Africa’s first CBDC is currently not for the unbanked.
While the Central Bank of Nigeria (CBN) continues to promote the e-naira as a tool for fostering financial inclusion, some experts agree that this central bank digital currency (CBDC) is not currently doing so.
This assertion, along with the e-naira app’s brief removal from the Google Play Store, appears to lend credence to claims that the CBN rushed to launch Africa’s first CBDC.
Although a report in the Punch newspaper suggests that the CBN is now working on a version of the e-naira app for the unbanked, it does not specify when this will be available. The CBN’s apparent inability to manage this CBDC has led players in Nigeria’s blockchain industry to question the central bank’s ability to manage it.
According to one crypto expert quoted by Cryptoassetbuyer, the CBN’s failure to roll out the CBDC that is accessible to all Nigerians means that the central bank is unlikely to achieve its primary goal of bringing financial services to Nigeria’s unbanked population.
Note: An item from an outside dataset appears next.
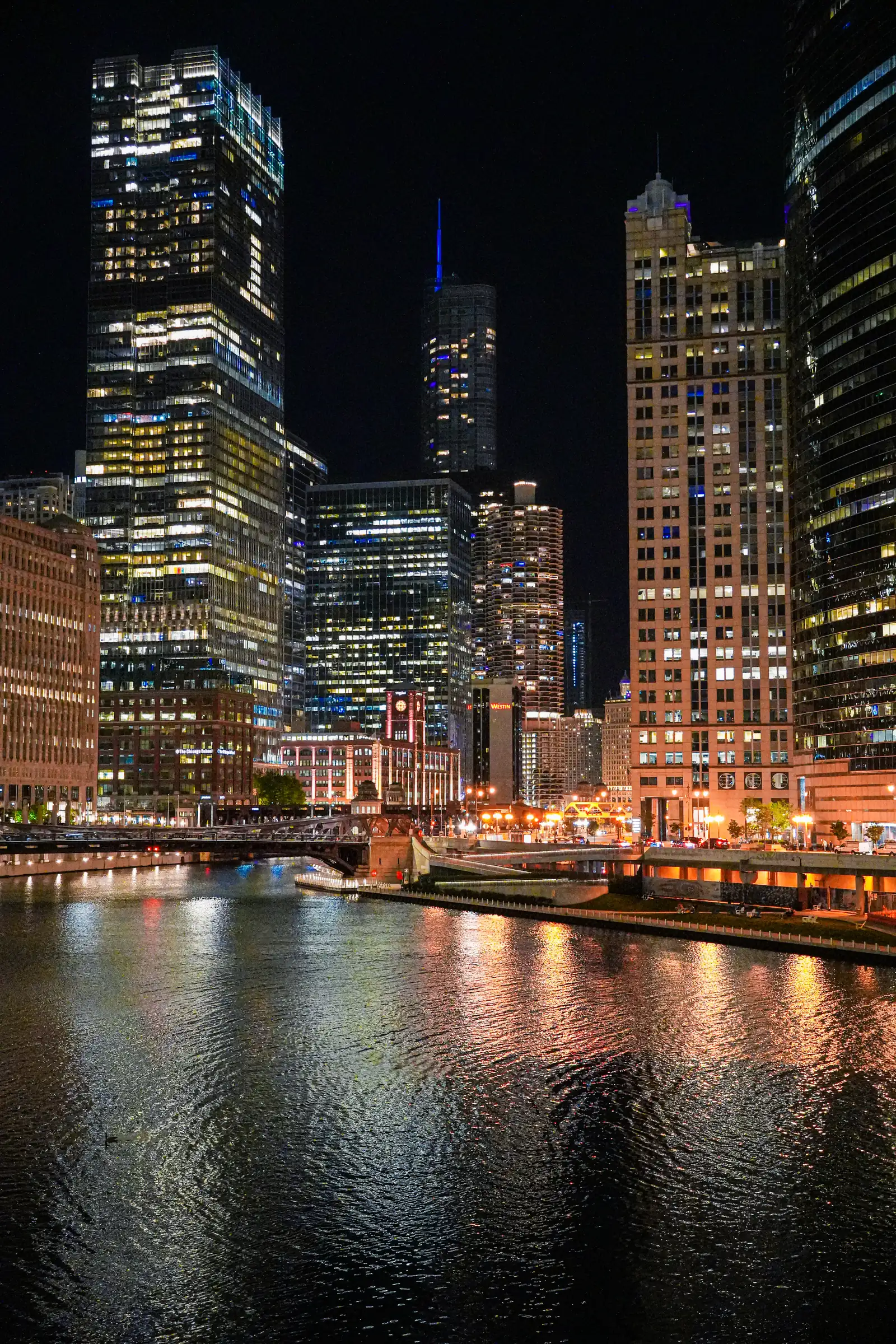 A coastal view of Chicago. artistique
Chiagozie Iwu, the founder of Naijacrypto and CEO of CI Cryptosolutions, explained the situation.
Firstly, the app requires me to use my bank’s app before I am able to transact with it; so what service does it offer me that my banks don’t already offer? So it doesn’t look to me that the CBN is targeting people that do not have a bank account. Obviously, anybody with a smartphone to download an app should also have a bank account in the first place. The fact that I have to use my bank account to log in defeats the saying that they are going to “bank the unbank.”
Despite the CBN’s repeated promises that its CBDC wallet would allow non-smartphone users to transact with the digital currency, this service was still unavailable at the time of writing.
Meanwhile, in addition to not being available to feature phone users, the e-naira app, according to Iwu, could be the result of haphazard planning. While admitting that the e-naira app, like other applications, may have a few “bugs,” Iwu suggested that this could have been avoided if the CBN had used the funds set aside for the project properly.
A beta test, according to Charles Okaformbah, CTO at Convexity, could have prevented the CBN from releasing the faulty app. Okaformbah is quoted in the report as saying:
I think that if the app developers had done a lot of tests — say close testing of the application with some selected group of people outside the development team — I believe some of the issues would have been noticed and fixed.
Lloyd Onaghinon, an economist, believes that collaboration between the CBN and players in Nigeria’s blockchain industry could have resulted in a much better final product.
The Cryptoassetbuyer report concludes that there is a noticeable trust deficit and that the onus is on the CBN to address this.